◆ PROBLEM DETAILS
The answer is the full listing restated exactly, without any pictures.

Segment Start: DATASET ENTRIES

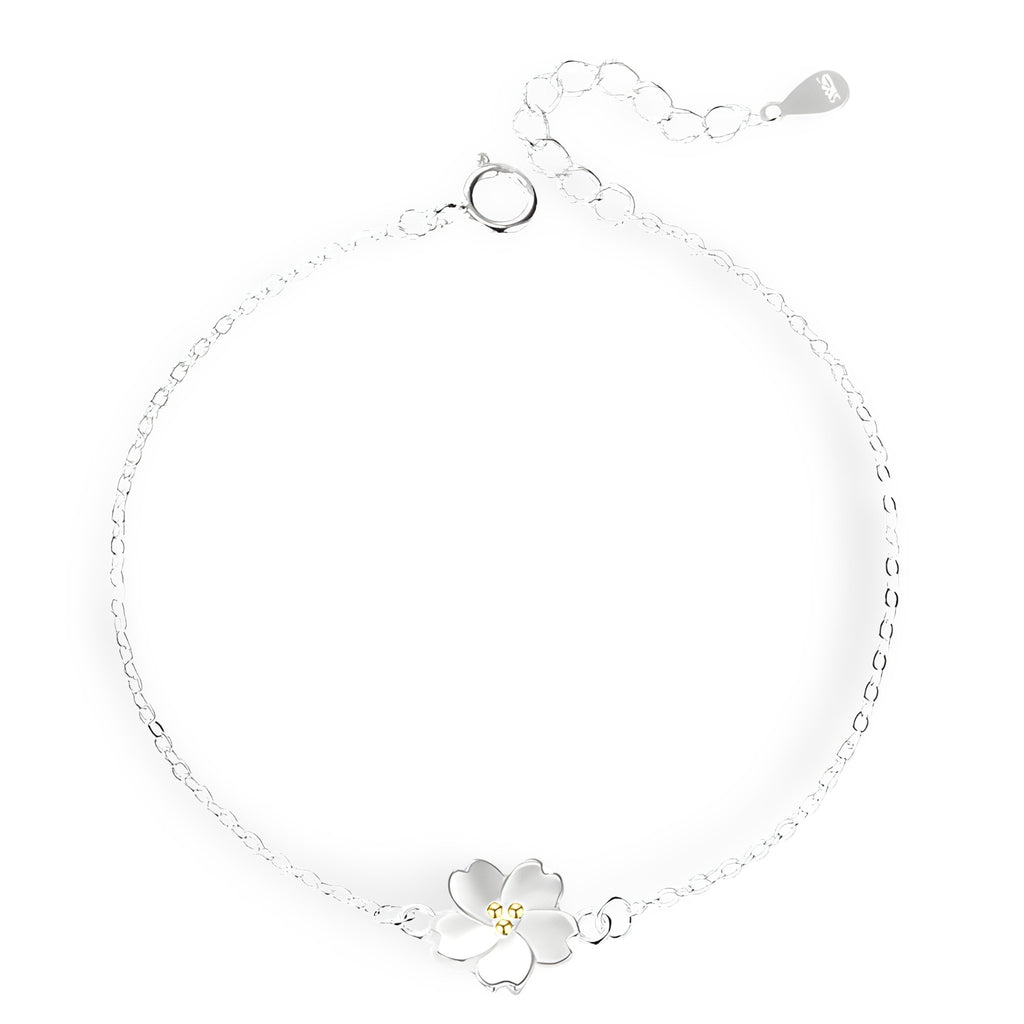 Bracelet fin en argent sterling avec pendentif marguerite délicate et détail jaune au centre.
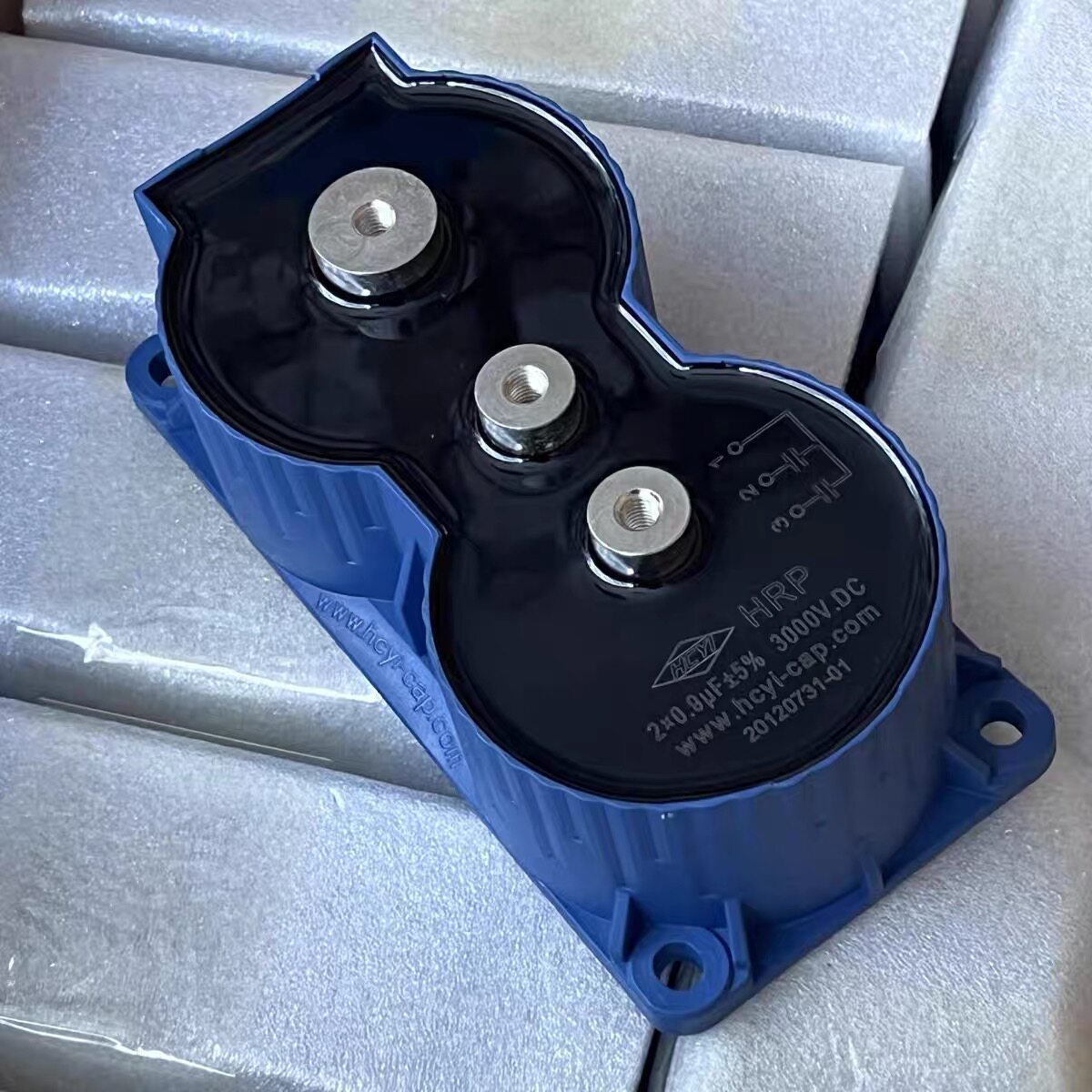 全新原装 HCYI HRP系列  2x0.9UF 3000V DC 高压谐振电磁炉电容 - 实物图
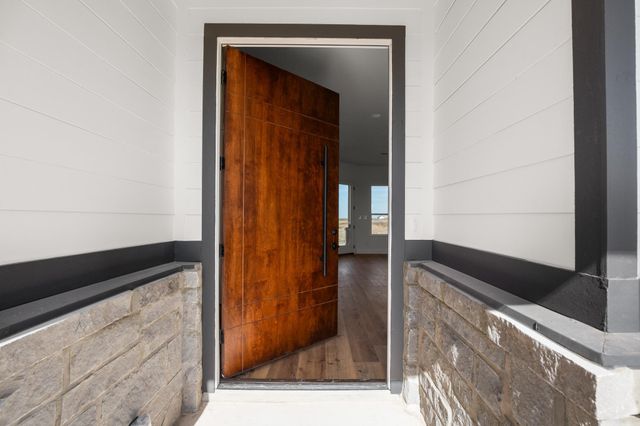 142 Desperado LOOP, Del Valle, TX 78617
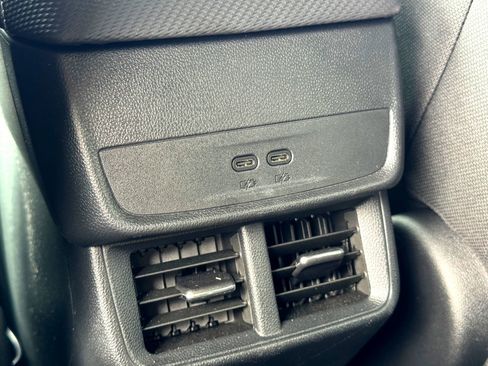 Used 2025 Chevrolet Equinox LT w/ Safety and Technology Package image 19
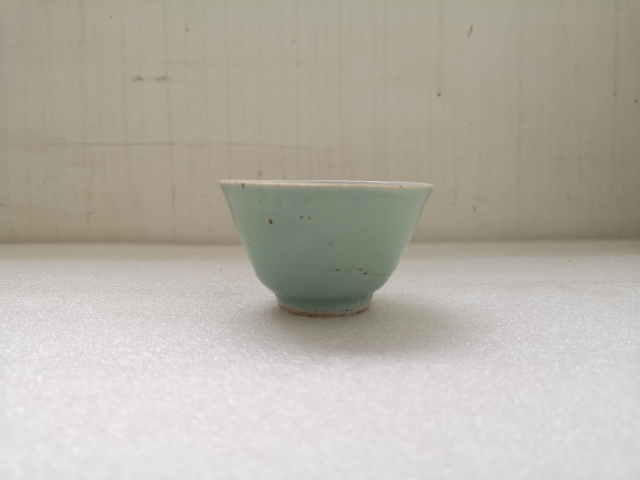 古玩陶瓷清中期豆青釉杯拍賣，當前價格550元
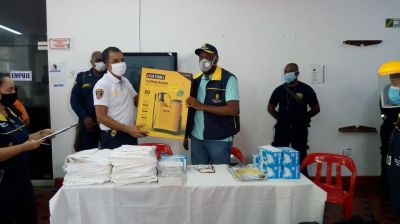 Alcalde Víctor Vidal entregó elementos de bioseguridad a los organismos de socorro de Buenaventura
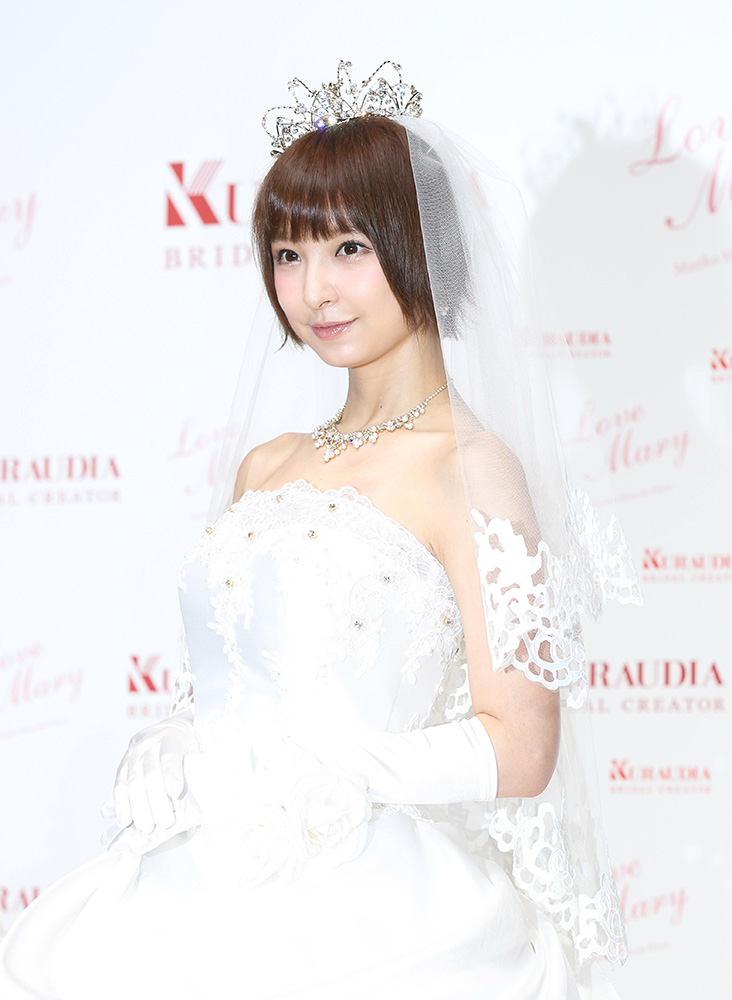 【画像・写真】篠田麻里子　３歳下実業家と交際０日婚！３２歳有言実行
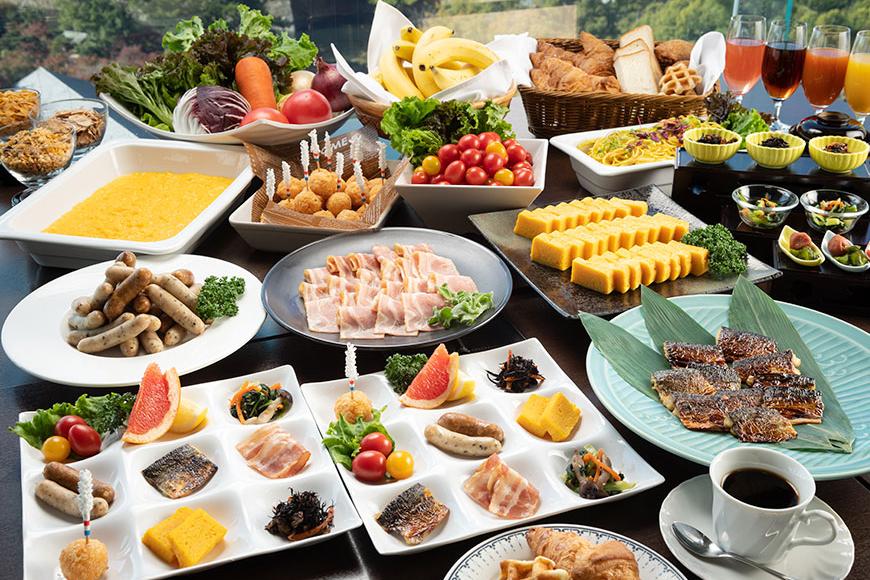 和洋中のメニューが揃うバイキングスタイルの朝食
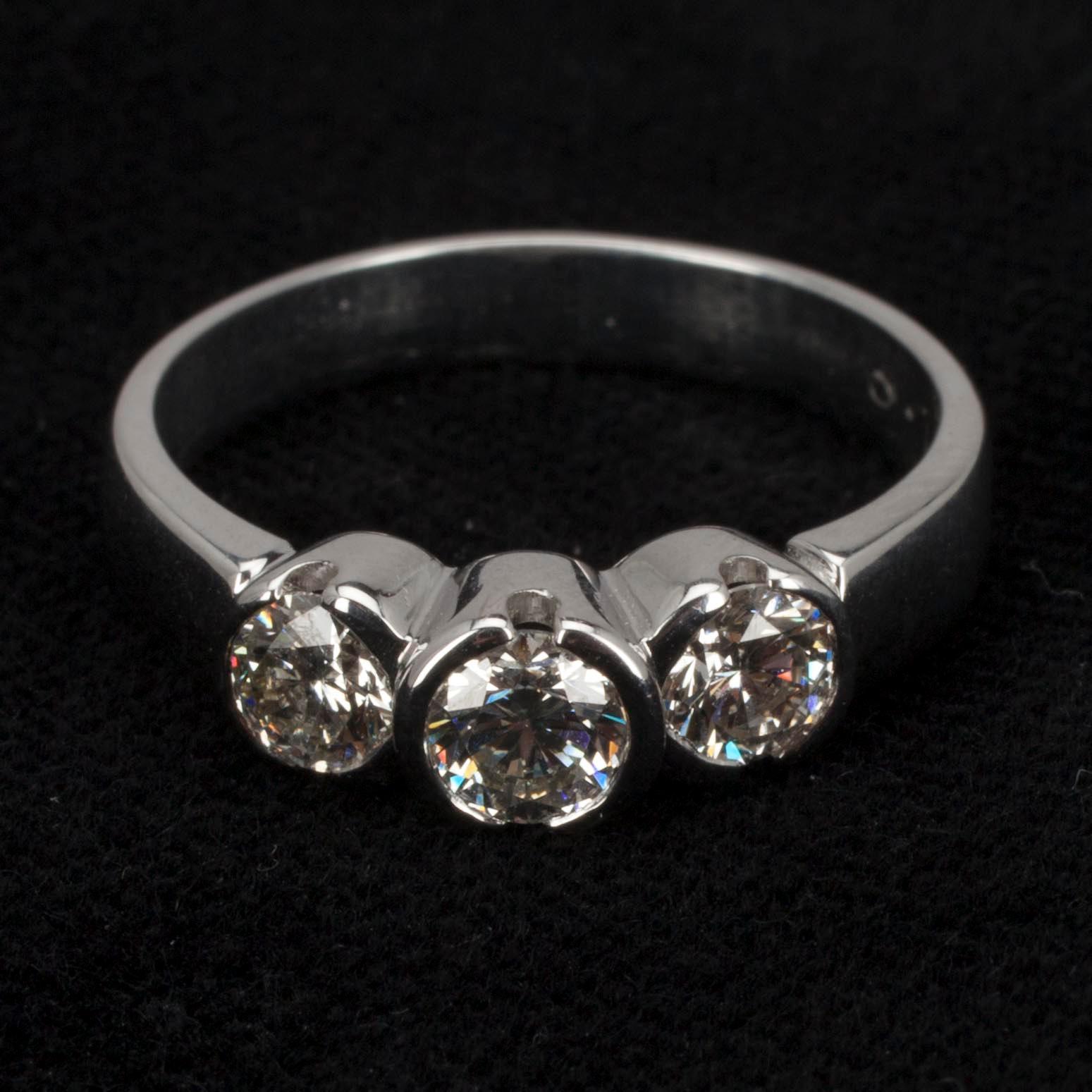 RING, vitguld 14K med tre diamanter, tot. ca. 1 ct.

Segment End: DATASET ENTRIES

◆ RESPONSE AREA
 Bracelet fin en argent sterling avec pendentif marguerite délicate et détail jaune au centre.
 全新原装 HCYI HRP系列  2x0.9UF 3000V DC 高压谐振电磁炉电容 - 实物图
 142 Desperado LOOP, Del Valle, TX 78617
 Used 2025 Chevrolet Equinox LT w/ Safety and Technology Package image 19
 古玩陶瓷清中期豆青釉杯拍賣，當前價格550元
 Alcalde Víctor Vidal entregó elementos de bioseguridad a los organismos de socorro de Buenaventura
 【画像・写真】篠田麻里子　３歳下実業家と交際０日婚！３２歳有言実行
 和洋中のメニューが揃うバイキングスタイルの朝食
 RING, vitguld 14K med tre diamanter, tot. ca. 1 ct.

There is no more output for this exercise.